Dale, the upholstery wraps around the bottom and is stapled to the wood, then its brought up and wrapped around the top and stapled to the wood. The front cushion is put on next. Start at the top and flip the front over the back of the seat. Staple the cord and the front cushion at the same time but stop about 2 or 3 inches from the both sides. You will need to leave the sides undone until the seat is mounted to the pillars. Then you can finish by stretching and stapling the bottom of the seat. Hope this makes sense and helps...
Forgot to mention I used 1/4" foam on the back of the seat for padding. You can use what ever you want but it does make for a better looking job and gives some cushion to the steel seat back.
Oh crap let me clarify. You staple the top of the front cushion with the cord in place and then staple the bottom. By leaving the ends undone it allows you to get to the screws to mount the seat to the pillars. I really got to get in the habit of proof reading before hitting the enter button...sorry.
Don, how is the top finished?

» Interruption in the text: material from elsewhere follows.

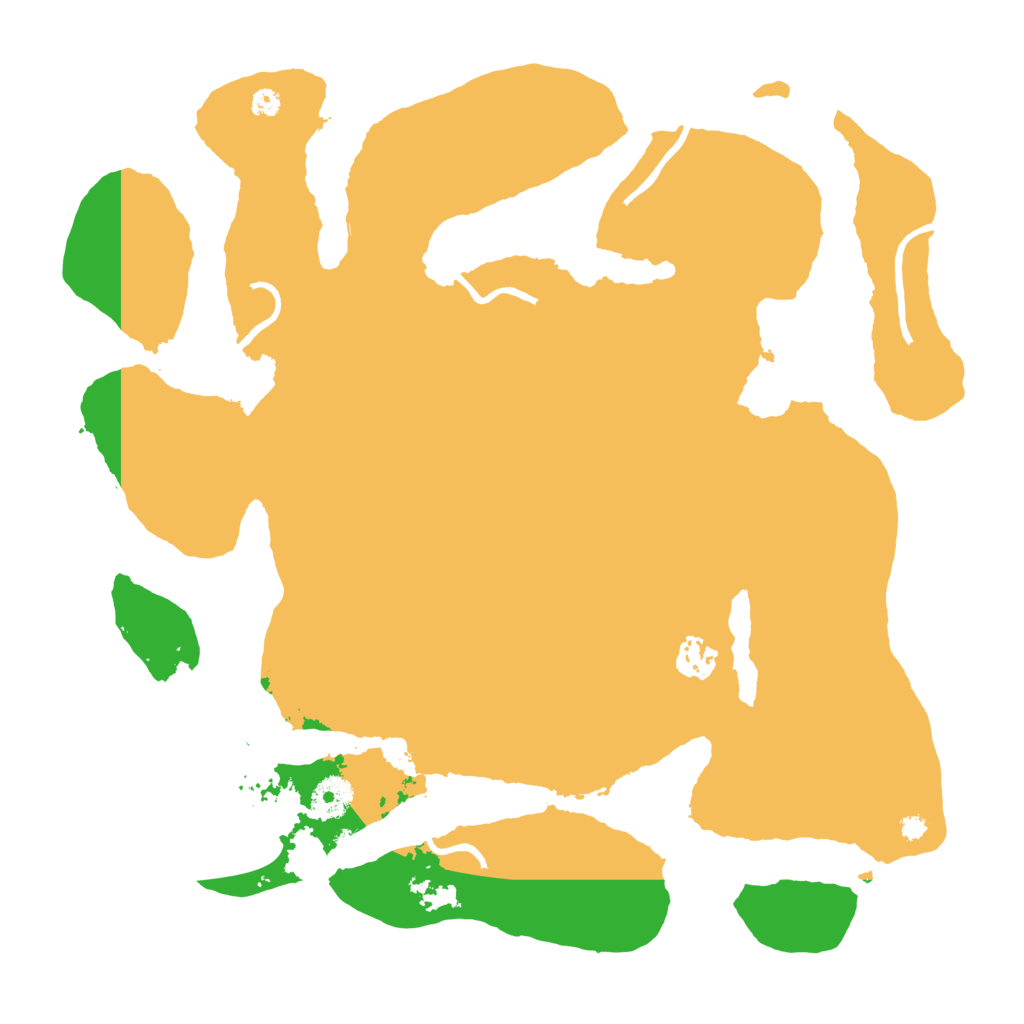 Biome Rust Map: Procedural Map, Size: 3700, Seed: 98641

I am following instruction that have you installing the back cushion, then the back. The cushion is in place.
You can see in this picture how it was done in the day..
This is how I did the two Fordors...I did the back of the seat first and then the front of it. I really couldn't figure out any other way to put the cord in without having the staples or tacks show.
You want the front of the seat on top of everything else when its finish. So, my feeble little brain couldn't come up with any other way to do it. Maybe someone else can add to the mystery.
Here is a quick sketch I just now made up.
Thank you, Don, that helps.
Great looking job Dan. I am now waiting for my upholstery to arrive from Classtique. I chose the same color that you did, so it was good for me to see it done. Thanks for posting photos.
John, just holler if you have any questions. I will try to help you out. I have tons of pictures and have done two Fordors recently. The real fun begins when you have to install the seat to the pillars. Getting the fabric correct with no wrinkles is not easy. The seat has to be screwed in on the pillars and the seat riser at the same time. I worked back and forth on both to get a wrinkle free install. I also suggest the seat back cushion be left a bit loose so the bottom seat cushions can be installed without stressing the seat back material. When the bottom seats are installed it will tighten the back seat cushion. If that makes sense?
This picture shows the pleats lined up with both the back seat and bottom seats. It also shows that once the bottom seats are in place it tends to pull the back seat cushion tight. This picture is before the interior was steamed to relax the fabric.
Wow, where else could a guy go to get this kind of help with a relatively obscure model of car? Don Booth is the Man
I sprayed adhesive on the metal back and installed the foam padding and then the fabric, it can be pulled up and stretched or smoothed out without the need for two people.
Edwardo might be a bit bias...
Rick, that is exactly how I ended up doing it. Another suggestion I have for those doing the interiors of a closed car. Take the time to build a sliding seat to put in the car. It makes the job so much easier to do and saves your back and knees from all the twisting and turning.
You can see the sliding seat I built for working the interior. Not the best picture but it sits on the front seat riser and the rear seat riser. It allows you to slide back and forth and really speeds up the whole job and keeps you comfortable while in a confined area.
Damn right I am biased. People like you are getting more and more rare these days. Ever wonder what it feels like to have your car selected to be on Chip Foose's Overhaulin' TV show? I do.